Credit: Justin Kung and Megan Wu from The Creative Solution

Gumloop, a company that began as a side project in a Mount Pleasant condo, returned to the same neighbourhood on Thursday with a packed room and a clear vision: they’re back, and ready to be part of a builder-led renaissance in Vancouver. Fresh off a recent momentum, the team announced their new Vancouver office and celebrated by co-hosting a demo night with Shopify, Cohere, and North House.

The founders, Max Brodeur-Urbas and Rahul Behal, were accepted into Y Combinator’s Winter ’24 batch; since then the tool has become a connective tissue powering automation inside companies like Shopify, Instacart, Webflow, GitHub, Gmail, Slack, Notion, Google Sheets and many more.

For a company whose success has been driven by sharp technical execution, building in Vancouver is equal parts nostalgic and strategic. 

Credit: Justin Kung and Megan Wu from The Creative Solution

Their timing fits a larger pattern happening.

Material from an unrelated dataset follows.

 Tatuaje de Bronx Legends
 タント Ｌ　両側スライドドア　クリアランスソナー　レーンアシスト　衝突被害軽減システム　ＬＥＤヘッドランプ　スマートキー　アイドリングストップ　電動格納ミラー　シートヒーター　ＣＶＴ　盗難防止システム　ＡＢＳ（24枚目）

Vancouver’s tech workforce has grown more than 30 percent in five years, one of the fastest growth rates in North America. The city now ranks among Canada’s top three AI hubs, with some of the highest concentrations of AI-skilled talent in the country (CBRE 2025 Tech Talent Report, AI Skills Index, 2025).

Gumloops’ founder Max shared, “The talent in Vancouver was too good to pass up. A big part of our team is Canadian, we love this city, and it became obvious that staying in Vancouver was the right move. If we want the best people to help Gumloop grow, this is where we need to be.”

Their first event back, a demo night at North House, hosted more than 200+ people and set the tone for the type of community they’re choosing to build in. This is why places like North House matter. Even in its first week, the space already feels like an engine for early-stage momentum.

Credit: Justin Kung and Megan Wu from The Creative Solution

The Demo Lineup

There were five demo’s that filled the night. Builders walked to the front of the room, opened their laptops and showed what they’ve been working on and practical snapshots of automation being used in the real world.

  • Cohere’s Chantal Chan, who demo’d North, the company’s new AI agent capable of navigating file operations and multi-step tasks with clean transparency and no theatrics.

  • Nathan Ngai from Arkhet.co demoed a new approach to visual prompting for frontend development.

  • Rahul Agarwal, founder of Soch, a personalized content platform that adapts to user interests through features like audio summaries, and dynamic feed shaping.

  • Samim Saffaei, founder of Sift AI, showcased a “founder intelligence” system designed to democratize insights usually hidden inside accelerators letting early-stage builders map problems, validate solutions, and structure strategy.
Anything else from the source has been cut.